(Material for this task Opens)

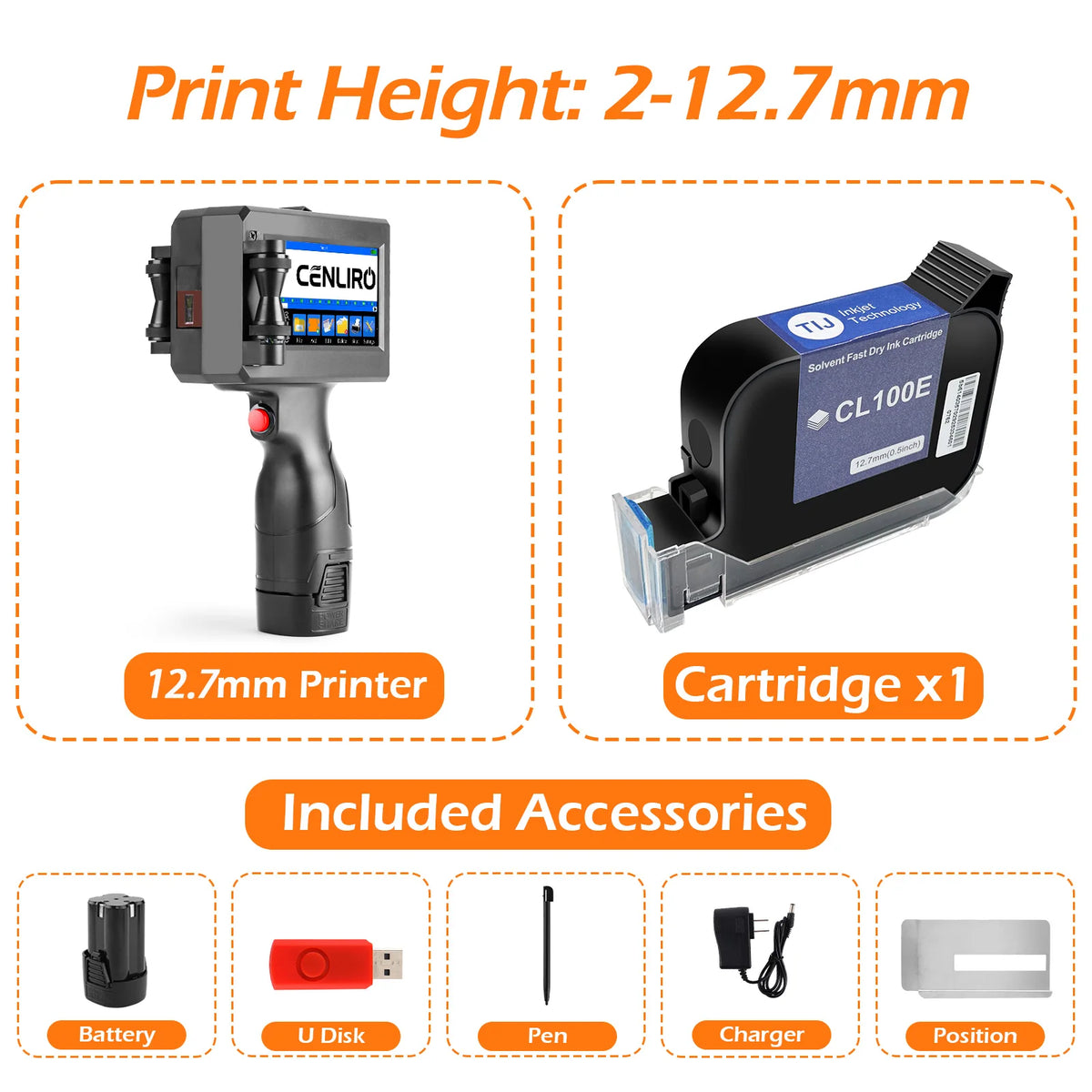 CENLIRO 12.7/25.4mm Handheld Inkjet Printer Portable Coding Machine for Expiry Date Batch QR Bar Code Logo Quick Dry Ink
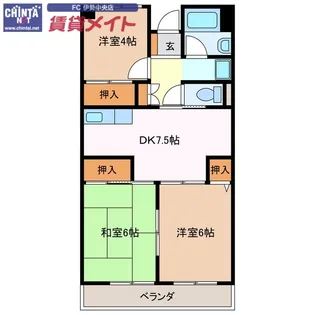 近畿マンション【7階】の間取り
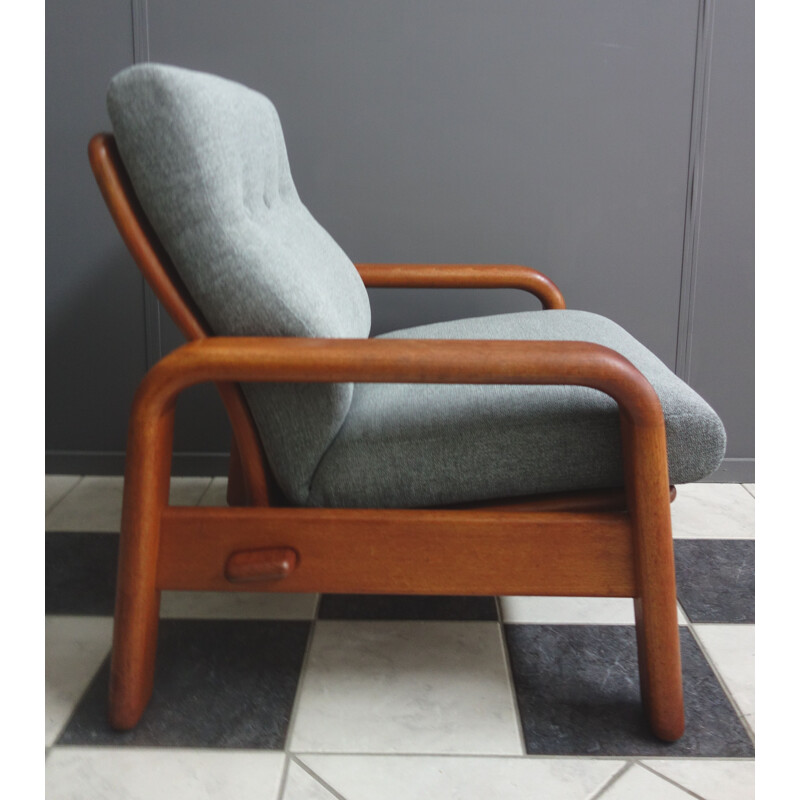 Vintage Teak and Gray relax chair by Dyrlund, Denmark 1970s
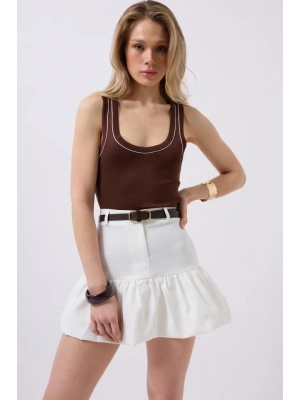 Büzgü Detay Mini Etek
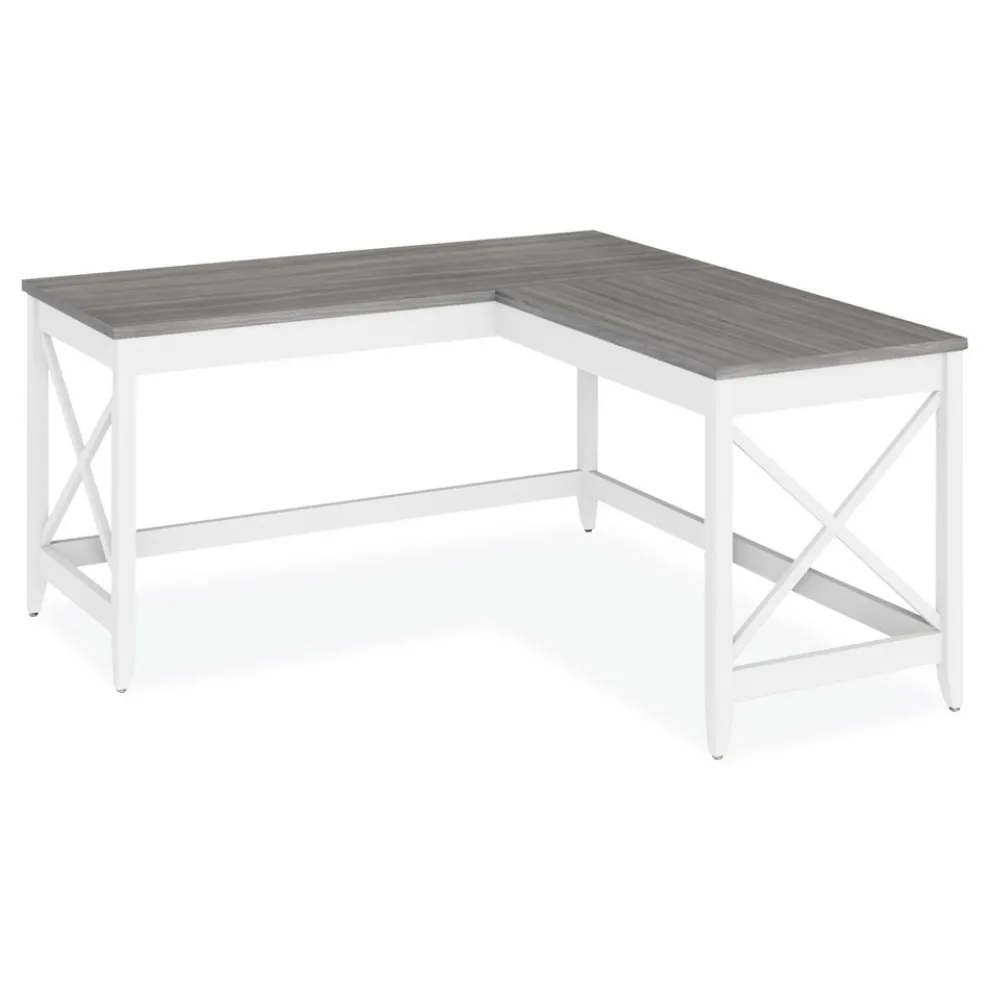 Alera 58.27 in. x 58.27 in. x 29.53 in. L-Shaped Farmhouse Desk - Gray/White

(Material for this task Closes)

## Exercise requirements
Everything in the listing should be repeated exactly except the pictures.

## Completed task
 CENLIRO 12.7/25.4mm Handheld Inkjet Printer Portable Coding Machine for Expiry Date Batch QR Bar Code Logo Quick Dry Ink
 近畿マンション【7階】の間取り
 Vintage Teak and Gray relax chair by Dyrlund, Denmark 1970s
 Büzgü Detay Mini Etek
 Alera 58.27 in. x 58.27 in. x 29.53 in. L-Shaped Farmhouse Desk - Gray/White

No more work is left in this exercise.